Two people working on the dam, which held back waste water from iron ore mining, are unaccounted for, BHP said.
BHP owns the dam with Brazil's Vale via a joint-venture, Samarco. A court has frozen their assets in the country.
The firms have appointed a New York law firm to investigate the cause of the dam rupture, BHP's statement said.
A
federal court has ruled that the potential damages from the disaster
could be about 20.2bn reais ($5.2bn; £3.4bn). The companies' assets were
frozen amid concerns that Samarco does not have enough resources to
cover the cost of damages and compensation.
BHP's statement said
the court had ordered Samarco to put 2bn reais into a court-managed bank
account within 30 days.
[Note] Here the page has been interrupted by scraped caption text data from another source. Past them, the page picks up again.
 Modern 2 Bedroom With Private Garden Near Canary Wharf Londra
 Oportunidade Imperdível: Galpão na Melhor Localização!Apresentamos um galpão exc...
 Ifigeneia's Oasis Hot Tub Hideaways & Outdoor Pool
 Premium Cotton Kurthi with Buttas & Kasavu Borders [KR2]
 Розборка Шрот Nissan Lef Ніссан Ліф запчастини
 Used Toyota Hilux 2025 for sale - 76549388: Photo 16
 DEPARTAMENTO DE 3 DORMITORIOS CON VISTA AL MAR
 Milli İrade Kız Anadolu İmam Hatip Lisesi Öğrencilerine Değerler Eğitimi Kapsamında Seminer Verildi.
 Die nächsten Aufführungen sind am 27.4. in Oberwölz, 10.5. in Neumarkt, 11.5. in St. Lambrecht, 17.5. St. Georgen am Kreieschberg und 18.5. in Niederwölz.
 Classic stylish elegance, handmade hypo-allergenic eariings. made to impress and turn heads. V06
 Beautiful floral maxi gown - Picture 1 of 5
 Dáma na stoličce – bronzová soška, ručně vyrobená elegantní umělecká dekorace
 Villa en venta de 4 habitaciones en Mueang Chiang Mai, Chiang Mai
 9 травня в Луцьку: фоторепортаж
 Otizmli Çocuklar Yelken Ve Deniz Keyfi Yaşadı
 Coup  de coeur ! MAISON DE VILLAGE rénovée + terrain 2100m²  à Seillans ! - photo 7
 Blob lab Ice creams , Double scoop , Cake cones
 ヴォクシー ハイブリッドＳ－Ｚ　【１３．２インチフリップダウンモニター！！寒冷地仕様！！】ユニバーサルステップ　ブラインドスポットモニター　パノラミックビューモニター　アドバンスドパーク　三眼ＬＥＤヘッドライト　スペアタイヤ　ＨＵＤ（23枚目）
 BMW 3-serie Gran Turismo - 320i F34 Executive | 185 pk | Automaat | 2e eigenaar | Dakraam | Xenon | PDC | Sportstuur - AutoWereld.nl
A daily fine of 1.5m reais applies for
non-compliance with this deadline.
'Not natural disaster'
On 28 November, the Brazilian government filed a lawsuit against Samarco for the environmental damage caused by the accident.
Environment
Minister Izabella Teixeira said the accident in the south-eastern state
of Minas Gerais had "a huge impact from an environmental point of
view".
The
village of Bento Rodrigues was totally destroyed and the mud generated
by the 5 November dam collapse polluted drinking water over a vast area.
The money will be used to compensate the victims and help repair the environment.
"It
is not a natural disaster, it is a disaster prompted by economic
activity, but of a magnitude equivalent to those disasters created by
forces of nature," said Ms Teixeira when the lawsuit was filed.